Ask me about the GAF Notebook
So Linux-GAF what browser does everyone use since Linux versions can sometimes be a tad different than their Windows or OSX counterparts?!?!
 

gokieks

Member
Chrome. By far the best sync implementation of any browser, and that trumps basically all else. But even aside from that, it's a very good browser.
 

angelfly

Member
Firefox

I've tried multiple to get used to Chrome but it never works out. I can't replicate my extension set in Chrome and until I can I won't bother using it as my main browser. I also don't like the lack of options. Going into the settings in Chrome you see they try and keep things simple but I prefer the way Firefox just gives you lots of options on top of the ones they keep hidden. It does render pages fast but not fast enough that I regret sticking to Firefox.
 

Tworak

Member
Firefox across all my devices. I tried Chromium and Chrome for a while, but came back to the loving embrace of Firefox after a few months. The Mozilla Foundation can be jerks sometimes, but I trust them more to do the right thing than I do with Google.

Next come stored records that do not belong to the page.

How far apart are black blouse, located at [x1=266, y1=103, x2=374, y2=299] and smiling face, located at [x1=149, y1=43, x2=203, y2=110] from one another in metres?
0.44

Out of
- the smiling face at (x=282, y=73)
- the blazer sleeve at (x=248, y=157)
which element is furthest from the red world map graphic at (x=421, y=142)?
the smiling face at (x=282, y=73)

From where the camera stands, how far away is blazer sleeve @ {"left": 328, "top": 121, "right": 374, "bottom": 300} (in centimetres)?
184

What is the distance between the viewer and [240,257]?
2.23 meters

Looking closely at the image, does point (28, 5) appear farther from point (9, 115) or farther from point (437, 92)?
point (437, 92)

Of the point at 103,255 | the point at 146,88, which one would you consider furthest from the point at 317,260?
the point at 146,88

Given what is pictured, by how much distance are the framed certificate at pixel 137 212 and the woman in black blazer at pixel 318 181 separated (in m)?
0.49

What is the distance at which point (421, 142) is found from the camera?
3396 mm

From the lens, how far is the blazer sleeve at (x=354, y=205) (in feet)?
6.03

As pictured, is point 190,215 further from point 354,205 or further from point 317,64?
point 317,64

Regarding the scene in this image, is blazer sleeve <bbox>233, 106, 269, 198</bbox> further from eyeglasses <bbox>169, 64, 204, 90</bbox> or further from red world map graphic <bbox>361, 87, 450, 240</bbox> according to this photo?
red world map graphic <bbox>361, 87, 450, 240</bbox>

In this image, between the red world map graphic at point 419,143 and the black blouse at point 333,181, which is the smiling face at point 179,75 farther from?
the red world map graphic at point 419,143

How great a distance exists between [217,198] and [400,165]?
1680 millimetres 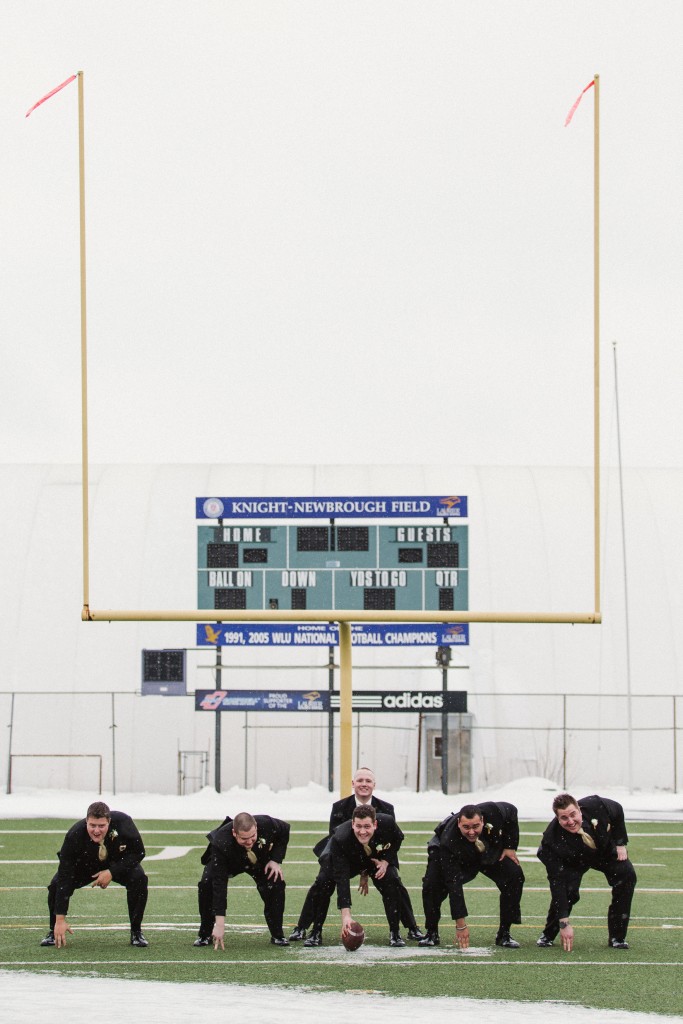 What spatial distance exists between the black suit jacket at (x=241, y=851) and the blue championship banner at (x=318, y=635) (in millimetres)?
15284

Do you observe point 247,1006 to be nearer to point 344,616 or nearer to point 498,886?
point 498,886

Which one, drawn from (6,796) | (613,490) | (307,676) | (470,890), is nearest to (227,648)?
(307,676)

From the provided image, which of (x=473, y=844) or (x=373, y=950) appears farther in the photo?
(x=473, y=844)

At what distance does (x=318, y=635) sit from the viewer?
26094mm

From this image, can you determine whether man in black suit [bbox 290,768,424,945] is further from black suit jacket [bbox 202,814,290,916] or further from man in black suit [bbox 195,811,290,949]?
black suit jacket [bbox 202,814,290,916]

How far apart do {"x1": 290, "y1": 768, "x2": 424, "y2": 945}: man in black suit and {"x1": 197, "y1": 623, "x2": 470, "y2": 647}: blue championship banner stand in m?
14.2

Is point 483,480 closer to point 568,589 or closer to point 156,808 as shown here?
point 568,589

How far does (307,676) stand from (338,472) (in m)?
5.83

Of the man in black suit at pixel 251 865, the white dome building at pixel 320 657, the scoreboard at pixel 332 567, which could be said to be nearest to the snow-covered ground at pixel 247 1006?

That said, there really aren't any good browsers. They are all pretty average. When you add Flash into the equation as well, all browsers turn into being horrible instead of average.
 

-KRS-

Member
Yeah another Firefox user here. 64bit version provided by the official Arch repos. I was also using Chromium on my Atom N270 netbook for a bit because Firefox was too slow to be useable on it around Firefox 4. But now it's much faster so I can use it on that computer too. I still have Chromium installed on all my computers though. You never know when you need a different browser to test things out.